A guest post by Ryan O.
As many of you know, we have been in contact with Dr. Beckers, primary author of a few papers on using the DINEOF algorithm for infilling cloud masked images. It was very gratifying to discover that our Iterative TSVD method we developed turns out to be the same algorithm – with one important exception. DINEOF uses covariance, while ours uses correlation.
The difference between correlation and covariance has been the subject of much debate. Indeed, it was one of the issues in the Hockey Stick debate. In our case, the rescaling to unit variance results in an artificial inflation of the variance of the actual data at the beginning of the algorithm (though, as the algorithm progresses, this effect disappears). It also changes the spatial structure of the EOFs used for imputation.
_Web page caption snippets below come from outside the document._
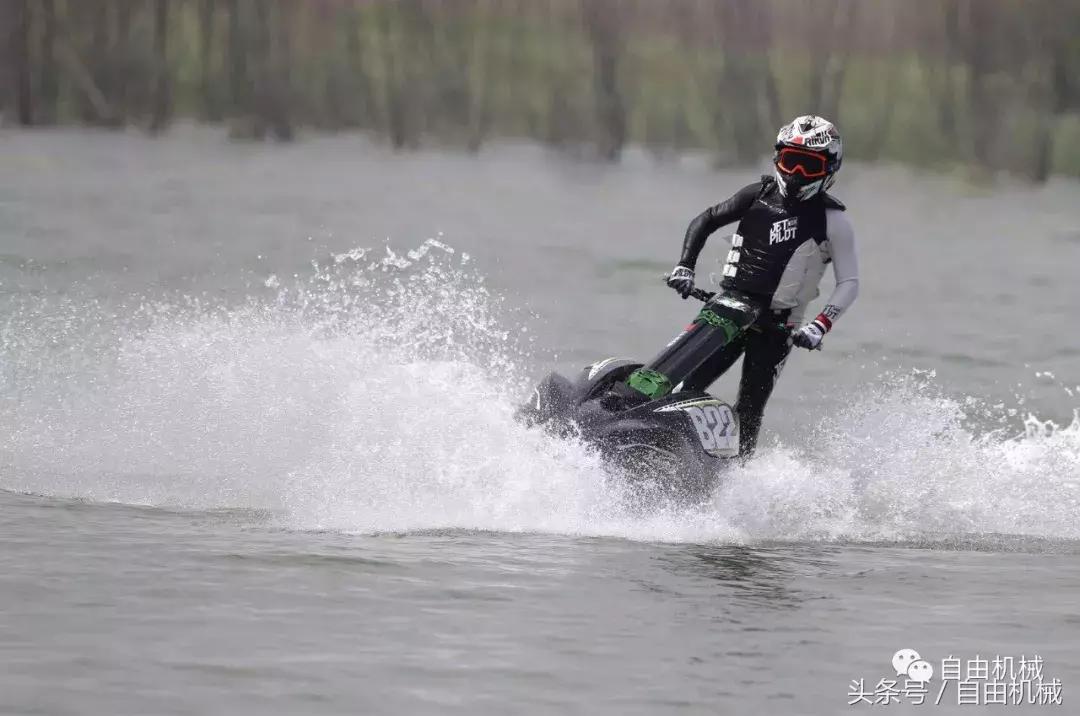 端午玩摩托艇,川崎摩托艇拉力赛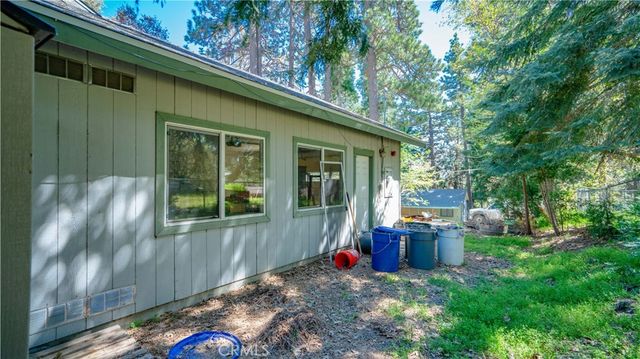 22070 BIG OAK RD, Cedarpines Park, CA 92322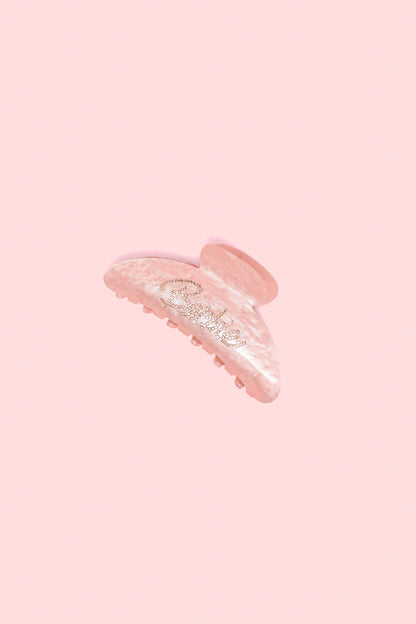 Barbie™ Rhinestone Claw Clip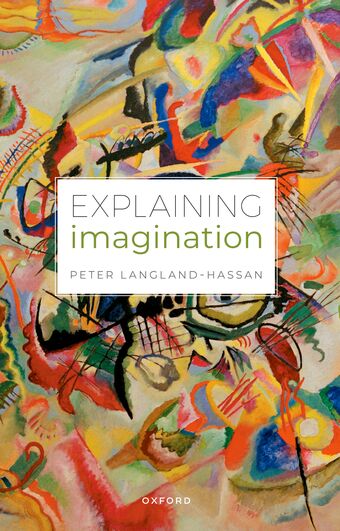 Explaining Imagination book cover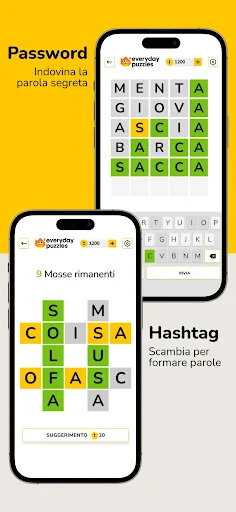 Everyday Puzzles: Mini Giochi screenshot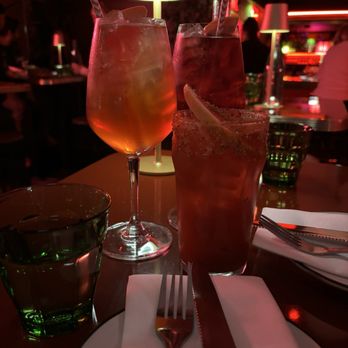 Key Klub - Aperol spritz and sangria - Wine Bars Near Me - San Francisco, California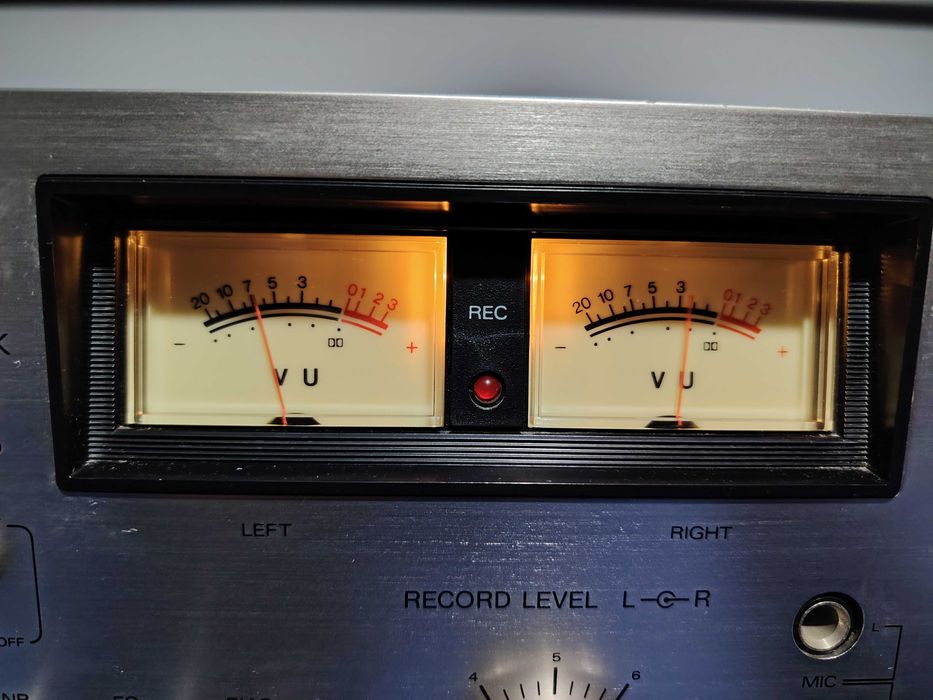 CROWN CTD-2200 HiFi Stereo Cassette Deck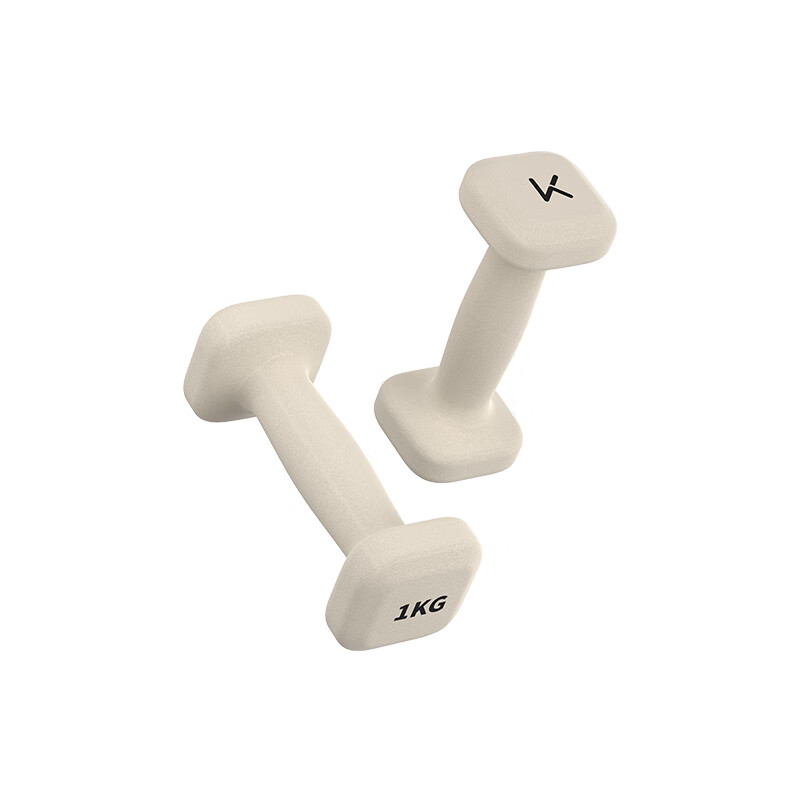 Keep Yun Gan Dumbbells - 1kg Women's Strength Training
While there are certain a priori arguments that can be made for using correlation, there are also equally plausible arguments that can be made for using covariance. So based on Dr. Beckers’ suggestion, I felt it was important to compare results obtained using covariance to earlier results. The method used was the same as the previous “You Can’t Get There From Here” post. On the left is the correlation results; on the right is covariance.
Fig. 1: Results of split verification experiments using ground stations only. Left – correlation. Right – covariance.
For most of the ground station sets, the maximum verification statistics for covariance are slightly better than those for correlation. In the case of the two best-performing sets, correlation actually provides slightly better maximum values. Additionally, the correlation results display less dependence on the maximum number of imputation EOFs. However, neither of these is, in my opinion, sufficient to prefer correlation over covariance.
Even looking at the individual station verification stats shows no clear reason to prefer correlation:
The next test is to determine if there is a substantial difference between using correlation or covariance for rotating the satellite PCs to the ground station solution. Again, this was performed in the same manner as the previous post, using the covariance solution for ground station set GRID 1C. A side-by-side comparison of correlation (left) and covariance (right) is below.
When comparing, please take note of the scale change. The maximum values for correlation and covariance are nearly identical.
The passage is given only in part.